Even though some wineries might talk of dry muscadine wines or offer blends, just understand that they’re speaking relatively. These babies are sweet (and they make the perfect addition to a summer sangria, just saying). Even blends with, say, Merlot grapes from California will be overwhelmed by the sugary taste of muscadine. So be prepared, but don’t be fooled by the sugary sweetness.
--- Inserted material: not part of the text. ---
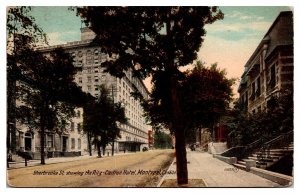 Antique Sherbrook St showing the Ritz-Carlton Hotel, Montreal, Canada Postcard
This wine has some major benefits for your health – even more than red wine, the health benefits of which have been debated for thousands of years.
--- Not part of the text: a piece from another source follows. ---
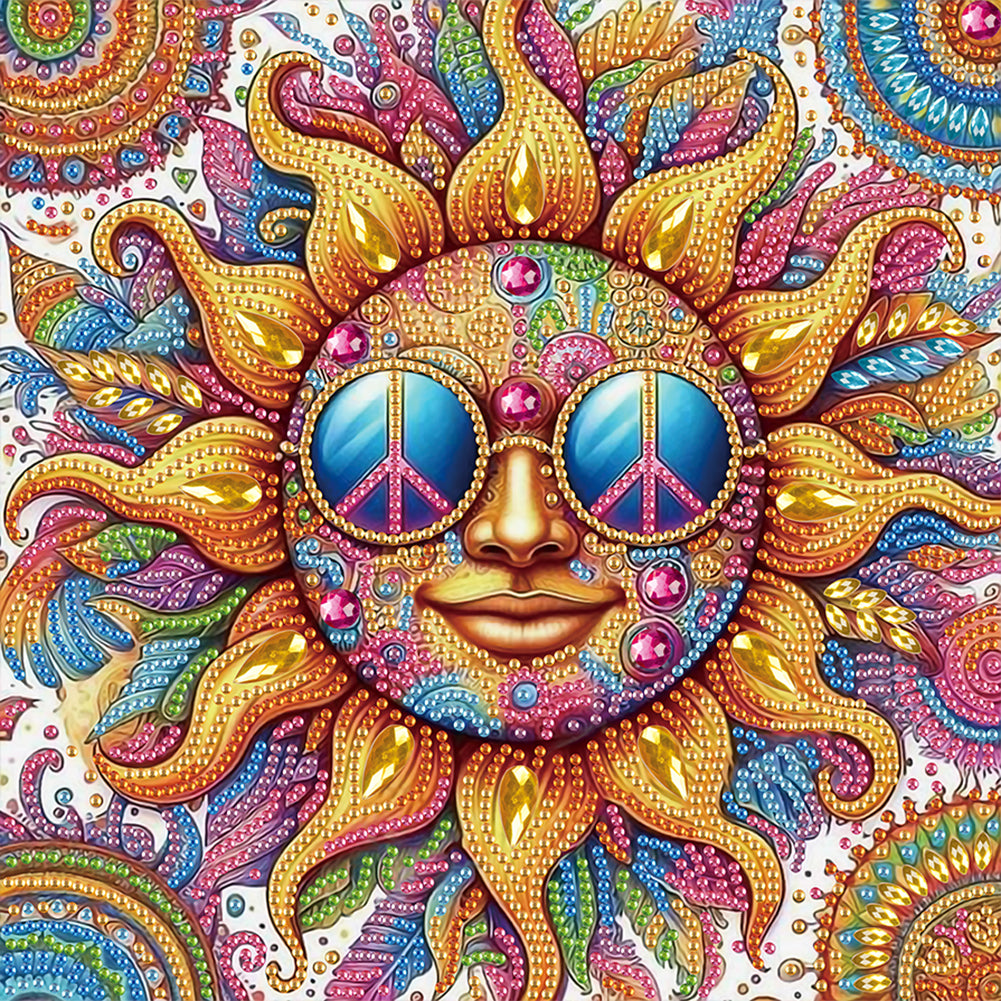 Diamond Painting - Partial Special Shaped - Funny sun and moon (30*30CM)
Which means, ladies and gentlemen, a muscadine wine a day keeps the doctor away.

12 Comments

  • HERBERT MILLER says:

    so…..give me a name of a store bottle with muscadine? all i see is merlot and cabs, etc….so where do we find a label musscadine?

    • Alexandra Pastron Alexandra Pastron says:

      Hey Herbert! You would want to look for bottles that say Carlos, Scuppernong, Noble, Doreen, or Magnolia on them, rather than Merlot, Cab, etc., as you pointed out. Thanks for your interest in Muscadine and be sure to let us know what you think!

  • Kate Horvath says:

    Is the sugar content higher? Are they more caloric or does it just taste sweeter? And is a blend not as healthy?
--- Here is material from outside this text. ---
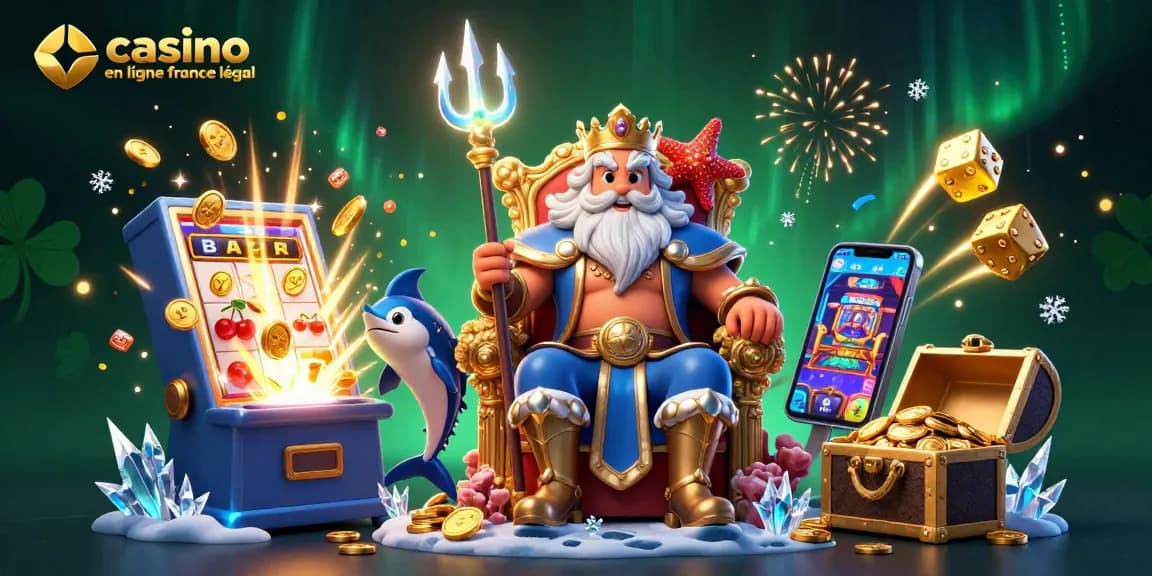 Profitez des jeux de casino en ligne légaux en France avec Neptune, samouraï et un trésor rempli d'or.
    • Alexandra Pastron Alexandra Pastron says:

      Hey Kate! Great questions. The sugar content in Muscadine grapes does tend to be just a little higher on average than grapes of the vitis vinifera variety (Merlot, Cab, etc.), which also means it may have slightly more calories. If you’re interested in learning about the calories in wine check out our article about it here. And as for blends, wines with mixed juice are not less healthy because of it. For more information on this, check out this article!

  • Anitra says:

    So, are you saying that the Carlos Rossi wines are actually mucadine wines?? I guess i’m still trying to see if I can find it in Michigan. thanks

    • Alexandra Pastron Alexandra Pastron says:

      Hey Anitra! So what we’re saying is that Carlos, Scuppernong, Noble, Doreen, and Magnolia are all names of grapes (not brands) that are of the Muscadine varietal. Muscadine grows most happily in the South East (think: Florida and the coast off the Gulf of Mexico), so you’d want to look for wines from that region that explicitly say “Muscadine” or one of the grape names listed above. Be sure to let us know what you think!

  • JEFF says:

    Lakeridge Winery in Clermont, Florida produces a variety of wines, mostly from muscadine grapes I believe. It’s simply too hot and humid to grow many of the varieties with thinner skins.

  • Ashley says:

    Hi Chelsea! Always nice to hear someone talking about the health benefits of Muscadine wine. My family actually grows and produces Muscadine wine here in the Napa Valley at Spiriterra Vineyards. My father, who grew up in Georgia eating Muscadines, planted the vineyard in 2009. It has done surprisingly well out here. In 2012 we released our first semi-dry and sweet Muscadine wines, and in 2014 produced our first Rose! It’s been fun introducing the west coast to this delicious and unusual varietal.

  • Ken Sanford says:

    Is muscadine the same as moscato & muscatel?

  • Imam Rashid Patch says:

    Ken – no, not at all. Moscato & muscatel are made from the Muscat grape, named after the ancient city of Muscat in Oman, near the Persian Gulf. Muscadine is a different grape species entirely, native to North America.